The Servicer's obligation to make such Monthly Advances as to any Mortgage
Loan will continue through the last Monthly Payment due prior to the payment
in full of the Mortgage Loan, or through the last Remittance Date prior to the
Remittance Date for the distribution of all Liquidation Proceeds and other
payments or recoveries (including Insurance Proceeds and Condemnation
Proceeds) with respect to the Mortgage Loan or REO Property; provided,
however, that such obligation shall cease if the Servicer determines, in its
sole reasonable opinion, that advances with respect to such Mortgage Loan are
non recoverable by the Servicer from Liquidation Proceeds, Insurance Proceeds,
Condemnation Proceeds, or otherwise with respect to a particular Mortgage
Loan. In the event that the Servicer determines that any such advances are non
recoverable, the Servicer shall provide the Purchaser with a certificate
signed by two officers of the Servicer evidencing such determination.

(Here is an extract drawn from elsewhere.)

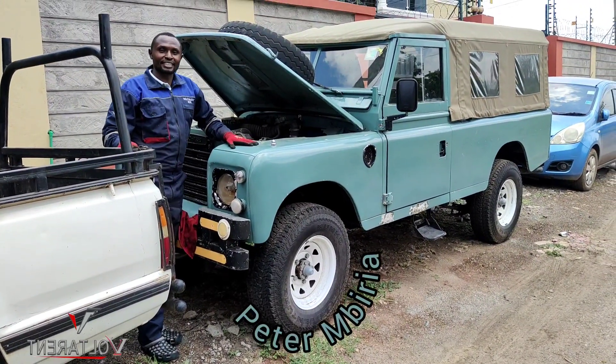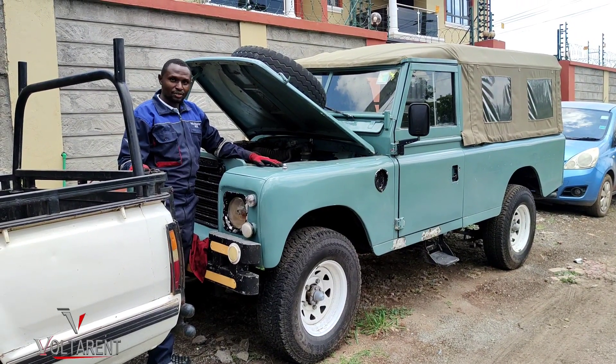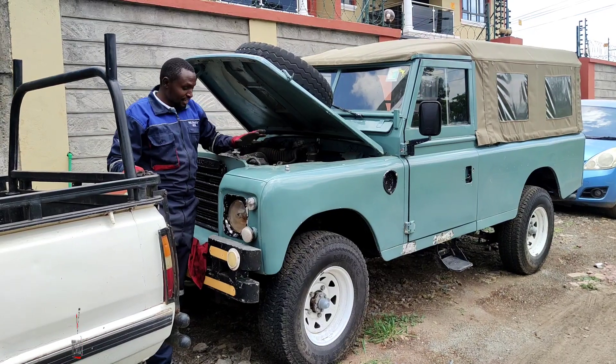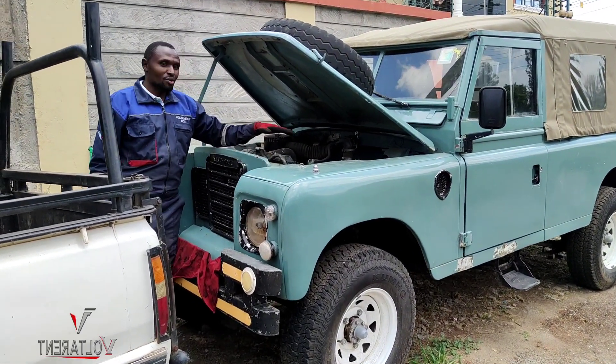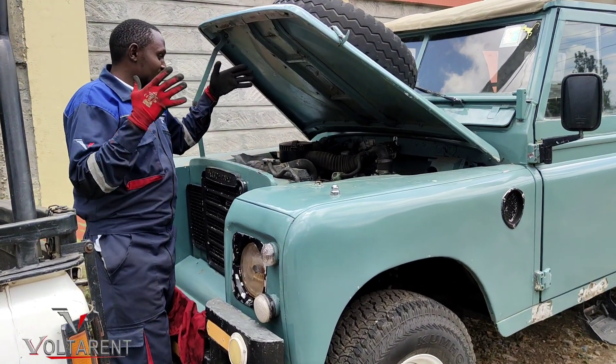Hello guys, Peter Ambiriak here. This is yet another Land Rover. On the previous video you've seen a Land Rover 110. Now here, this is a Land Rover 109 that has come in for an EFI conversion. As you are looking at right now,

(n) Section 4.04 shall be amended by adding the words "March 15 of
each year, starting in" after the words "on or before" in the second line of
the sentence.
(o) Section 4.05 shall be amended by adding the words "March 15 of
each year, starting in" after the words "On or before" in the first line of
the sentence.
(p) Section 6.01(b) shall be amended by deleting the second sentence
in the second paragraph and replacing it with the following:
"Any such notice of removal shall be in writing and delivered to the
Servicer by registered mail prior to the effective date of removal."
(q) Section 15.04 shall be amended by changing "March 1" in the first
sentence to "March 15".
(r) Section 15.05 shall be amended by deleting the words "March 1" in
clause (a) and replacing it with "March 15".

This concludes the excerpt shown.